Both have 2bd units avail for time period I'm interested in.  Traveling as 2 couples. Which would you choose and why.  None of us golf, but like to swim. Any fees different from one to the other?   i.e. Internet charges/wifi available, etc.      

Also which buildings or units to be close to pool.


----------



## zinger1457 (Apr 22, 2012)

I've stayed in both places but only in the 1BR.  They are both Diamond Resorts and charge for internet ($7/day or $30/week), it's through ATT so if you already have a wi-fi account with them you could probably avoid the charges.  Didn't really feel there was much difference between the two.  The Links is closer to Scottsdale airport flight path but I never found the noise to be an issue inside the units, you will get some of the noise if out by the pool.  The Links appears to be converted apartment units, they have huge walkin closets in the bedroom.  The Mirage is more like your traditional timeshare unit, the 2BR appears to be a combination 1BR and studio lookoff.  The Links has a nicer fitness center, if that's important to you, and a new pool/BBQ area.  It's probably the reason I would pick the Links if cost and availability are the same.  They both will give a hard sell when you checkin to go to a presentation and the presentation itself is a very hard sell.  They usually offer a $100 gift card and a free 2 night stay.


----------



## aandmrun (Apr 22, 2012)

We stayed at the Links in 2009 and found them to be very spacious and comfortable.  We had a 3 bedroom unit and it really is like an apartment. Nice patio, spacious living/dining area and private bedrooms.


----------



## csalter2 (Apr 22, 2012)

*Both are fine*

I have stayed at both quite a few times. They aren't that far away from each other. The Links are larger and they are really like condos. I have been in the 2 and 3 bedroom units and they are huge. Great for two couples. If you are not really going to be staying at the resort that much for activities, then the Links would be great. 

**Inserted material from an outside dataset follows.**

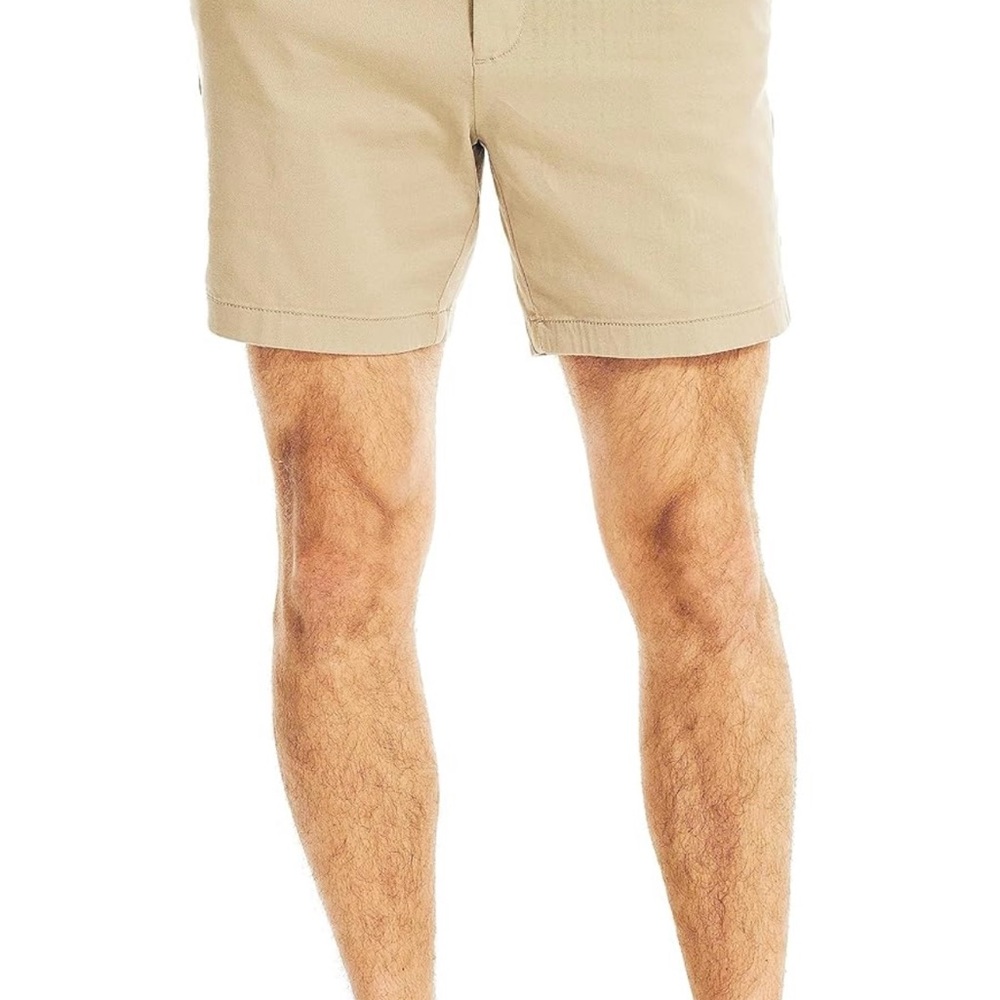 Nautica Men's 6" Deck Short Size 36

The Scottsdale Village Mirage is nice too. They have recently upgraded their rooms. They have activities that they do as well but not a lot. I was just there last summer and can't remember if the internet was free or not. This property is also near lots of restaurants and a mall. Actually they both are. 

Can't go wrong with either. However, I like the Village Mirage because it costs less points and when I  have the kids, there are more things for them to do.


----------



## JeffW (Apr 22, 2012)

I stayed at Villa Mirage 2 years ago, I thoroughly enjoyed it.  I drove over to Links and looked at it from the outside, it didn't think it looked as nice.  But I didn't see any interiors, so maybe it's just as nice there.

Jeff


----------



## LynnW (Apr 22, 2012)

We looked at a unit at Scottsdale Links in Nov and it was very nice. Dorothy you mentioned that you like to swim. When we stayed at Villa Mirage a few years ago the pool was really crowded and you could never find a lounge chair. It was in March so a lot of local owners were using the facilities which didn't help. The new pool at Scottsdale Links looked larger and they also have an adults only pool.


Lynn


----------